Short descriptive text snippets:
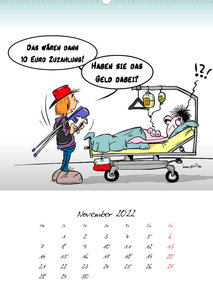 Trumix Cartoons - Gesundheit (Wandkalender 2022 DIN A2 hoch)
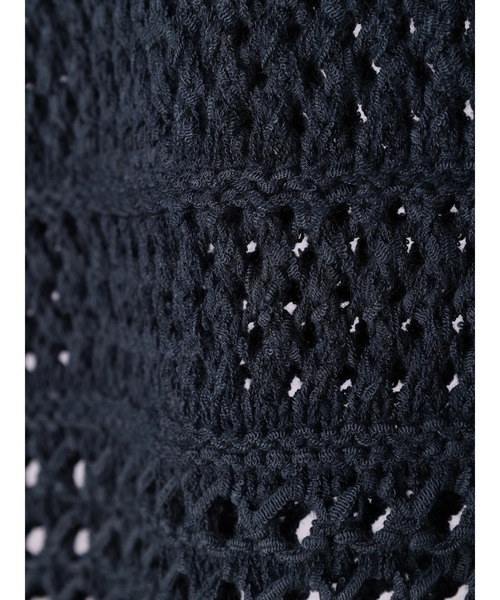 AMERICAN HOLIC（アメリカンホリック）の「テープヤーンニットベスト（ベスト・レディース・ベージュ/ネイビー・FREE）」の18枚目の写真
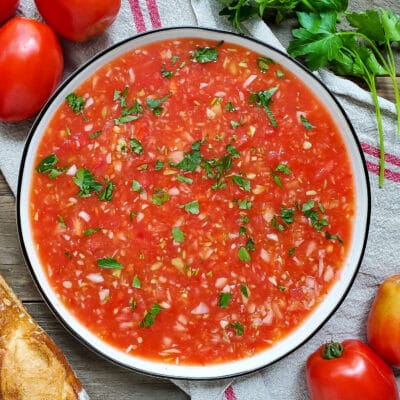 Tomato gazpacho from Zupan's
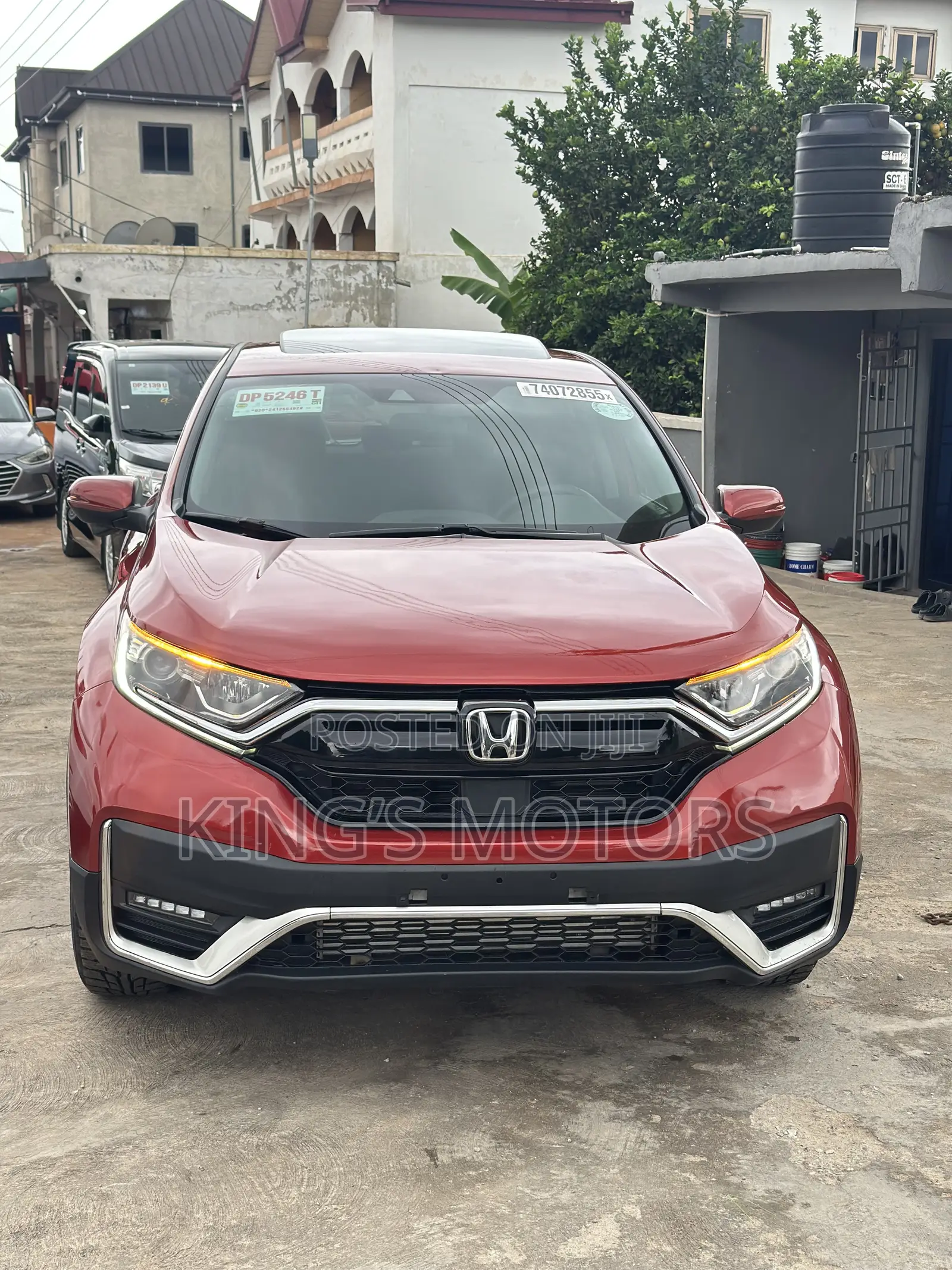 Honda CR-V EX-L 4dr SUV AWD (1.5L 4cyl CVT) 2017 Red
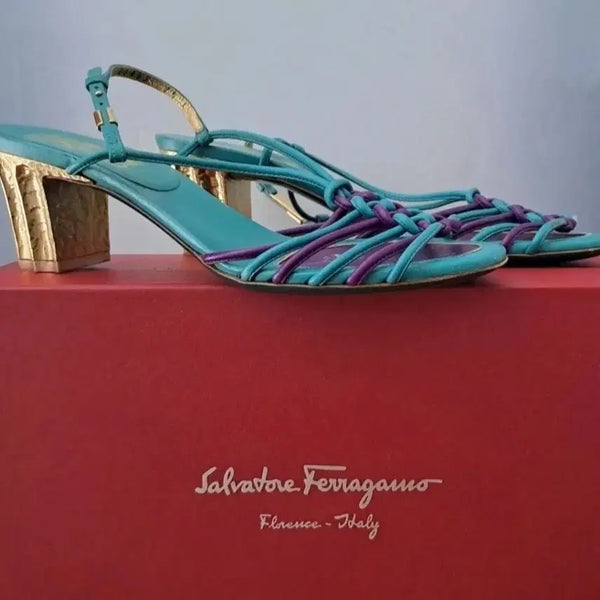 [BUNJANG] Salvatore Ferragamo Leather Sandals / FERRAGAMO    페라가모   샌들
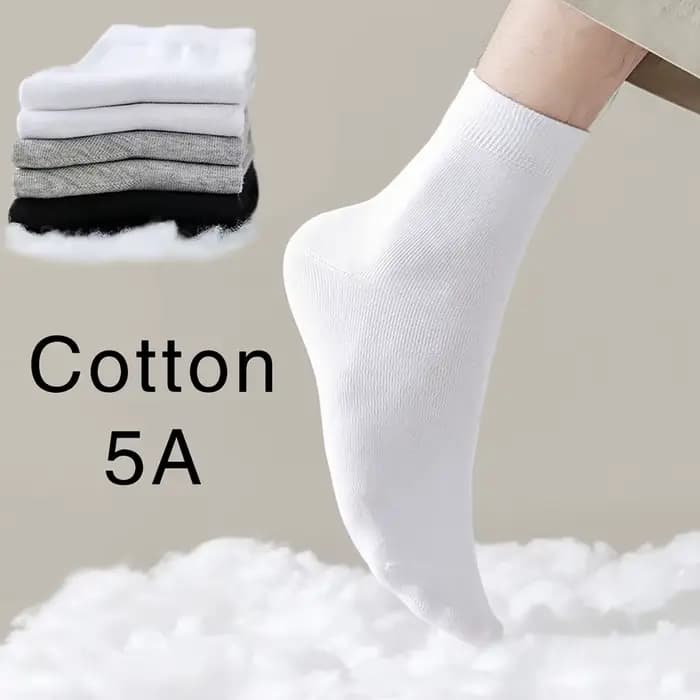 3 Paires Pure document Haute Qualité Blanc Hommes Coton Chaussettes Doux Respirant Antifavorable Noir
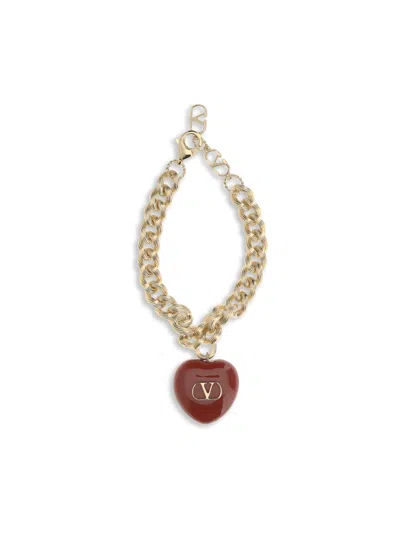 VALENTINO GARAVANI COEUR ROYAL CHAIN BRACELET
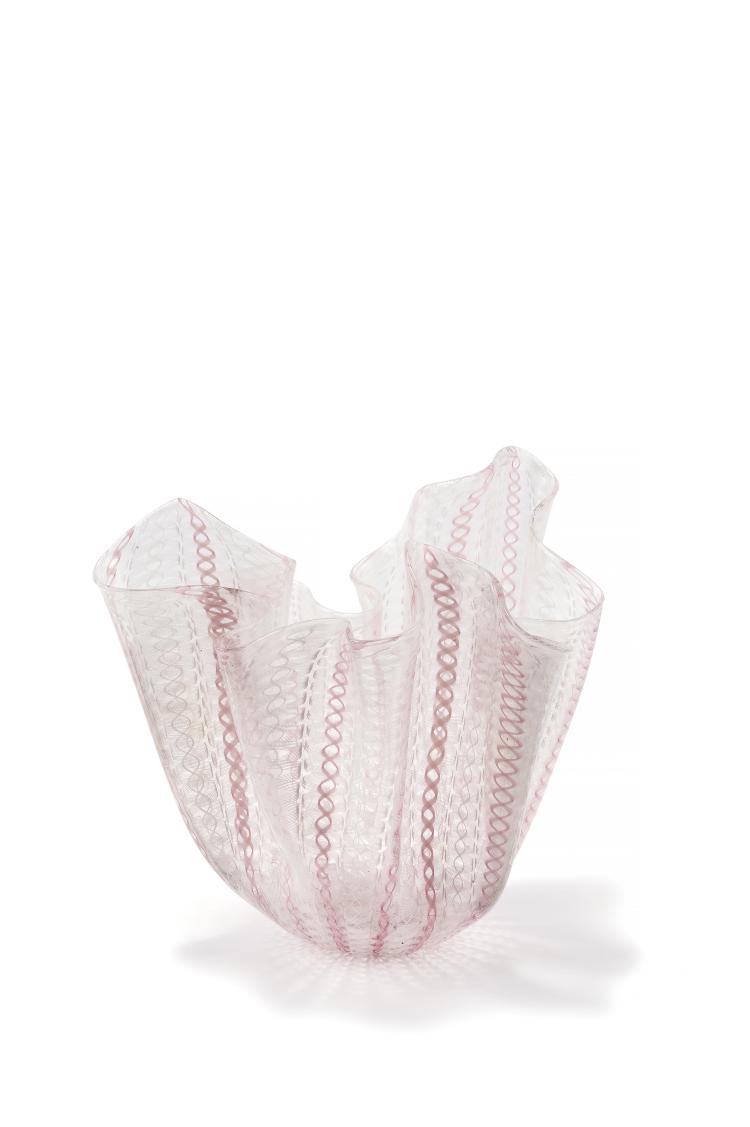 Hauptbild zu Objekt, 'Fazzoletto zanfirico' vase, 1949/50, Fulvio Bianconi, Venini & C., Murano, 134C 570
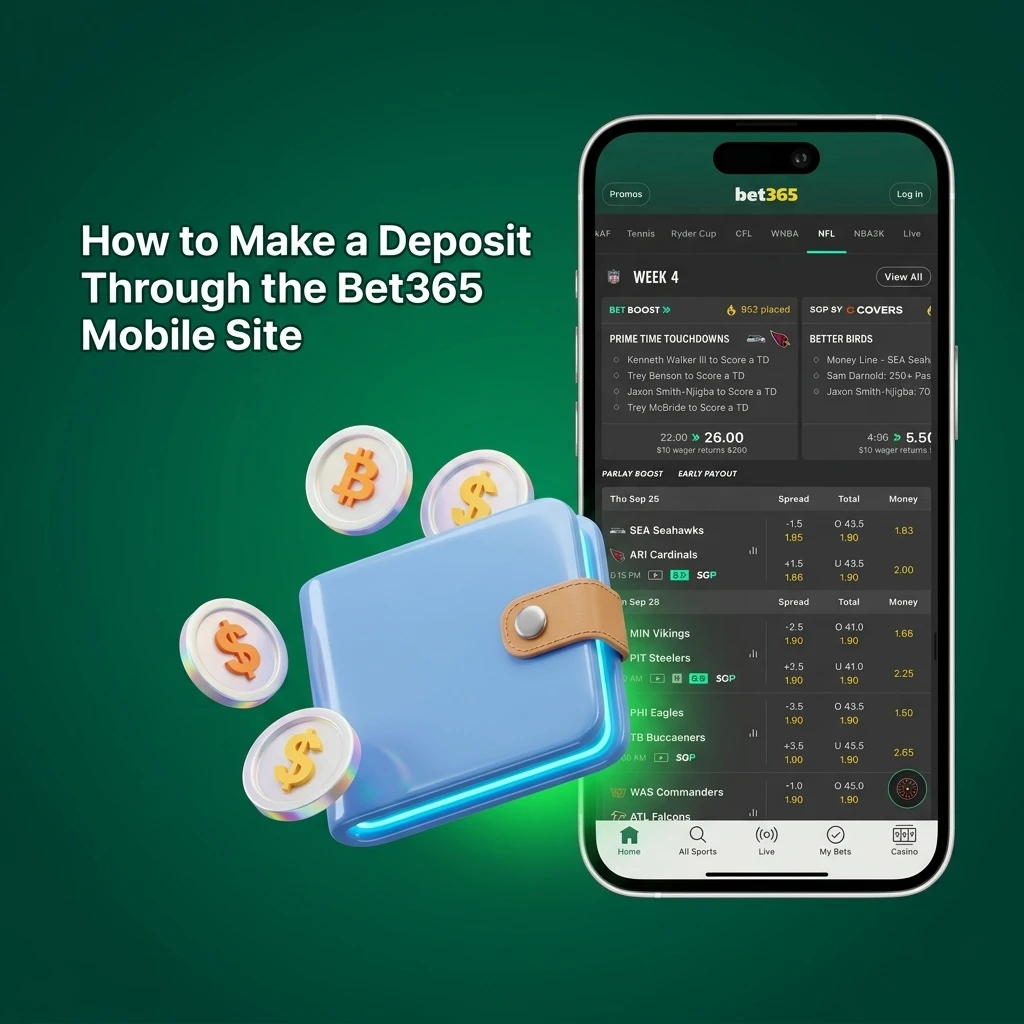 Step-by-step guide to making a deposit on Bet365 mobile site using UPI or Paytm in INR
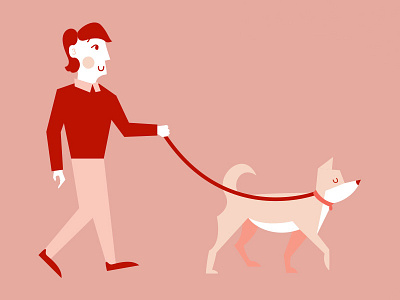Man and Dog illustration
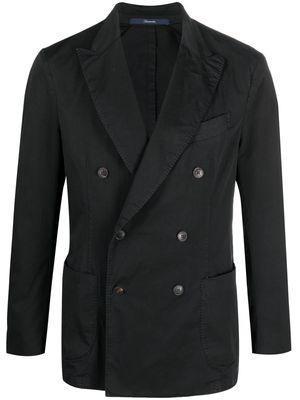 Drumohr double-breasted cotton blazer - Black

*WORK TO COMPLETE*. Nothing but the lines from the one with "[BUNJANG] Salvatore Ferragamo" up to and including the one with "VALENTINO GARAVANI COEUR" should be printed, exactly as they read above. Please keep the pictures out.

*ANSWER TO THE PROBLEM*.
 [BUNJANG] Salvatore Ferragamo Leather Sandals / FERRAGAMO    페라가모   샌들
 3 Paires Pure document Haute Qualité Blanc Hommes Coton Chaussettes Doux Respirant Antifavorable Noir
 VALENTINO GARAVANI COEUR ROYAL CHAIN BRACELET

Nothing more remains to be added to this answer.